== Excerpted records

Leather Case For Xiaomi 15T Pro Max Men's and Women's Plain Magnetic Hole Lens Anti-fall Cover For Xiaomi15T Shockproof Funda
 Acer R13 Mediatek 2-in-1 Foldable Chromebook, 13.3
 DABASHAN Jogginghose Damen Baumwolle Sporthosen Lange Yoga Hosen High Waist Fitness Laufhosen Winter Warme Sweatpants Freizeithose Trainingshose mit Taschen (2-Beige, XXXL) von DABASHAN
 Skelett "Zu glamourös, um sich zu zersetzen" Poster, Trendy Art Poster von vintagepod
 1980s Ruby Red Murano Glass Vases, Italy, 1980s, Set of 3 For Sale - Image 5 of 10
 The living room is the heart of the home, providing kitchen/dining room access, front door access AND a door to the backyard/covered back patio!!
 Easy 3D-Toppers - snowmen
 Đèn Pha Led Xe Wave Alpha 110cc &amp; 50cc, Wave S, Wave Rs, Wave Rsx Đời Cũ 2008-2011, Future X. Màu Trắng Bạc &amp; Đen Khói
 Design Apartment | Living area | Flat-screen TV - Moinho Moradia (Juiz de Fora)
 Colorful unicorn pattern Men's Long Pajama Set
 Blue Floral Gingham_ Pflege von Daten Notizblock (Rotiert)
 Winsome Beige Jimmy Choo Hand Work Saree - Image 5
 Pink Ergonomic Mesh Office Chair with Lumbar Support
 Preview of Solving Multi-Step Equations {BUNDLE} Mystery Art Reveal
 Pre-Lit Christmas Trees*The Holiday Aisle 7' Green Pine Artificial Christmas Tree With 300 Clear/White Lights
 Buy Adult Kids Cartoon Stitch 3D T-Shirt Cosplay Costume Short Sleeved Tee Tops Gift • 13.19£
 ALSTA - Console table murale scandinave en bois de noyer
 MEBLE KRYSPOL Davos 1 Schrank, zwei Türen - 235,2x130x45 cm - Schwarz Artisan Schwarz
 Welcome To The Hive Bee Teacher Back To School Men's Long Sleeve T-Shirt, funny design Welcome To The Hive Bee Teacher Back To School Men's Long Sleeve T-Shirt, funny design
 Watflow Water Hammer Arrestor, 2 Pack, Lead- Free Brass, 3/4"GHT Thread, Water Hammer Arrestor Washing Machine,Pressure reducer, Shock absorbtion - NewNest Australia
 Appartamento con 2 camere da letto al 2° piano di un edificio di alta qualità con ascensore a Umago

====

Description of the task
Beginning with the line holding "The living room" and ending with the line holding "Winsome Beige Jimmy", write out the stretch of material above exactly; add no further lines.

Exercise answer
 The living room is the heart of the home, providing kitchen/dining room access, front door access AND a door to the backyard/covered back patio!!
 Easy 3D-Toppers - snowmen
 Đèn Pha Led Xe Wave Alpha 110cc &amp; 50cc, Wave S, Wave Rs, Wave Rsx Đời Cũ 2008-2011, Future X. Màu Trắng Bạc &amp; Đen Khói
 Design Apartment | Living area | Flat-screen TV - Moinho Moradia (Juiz de Fora)
 Colorful unicorn pattern Men's Long Pajama Set
 Blue Floral Gingham_ Pflege von Daten Notizblock (Rotiert)
 Winsome Beige Jimmy Choo Hand Work Saree - Image 5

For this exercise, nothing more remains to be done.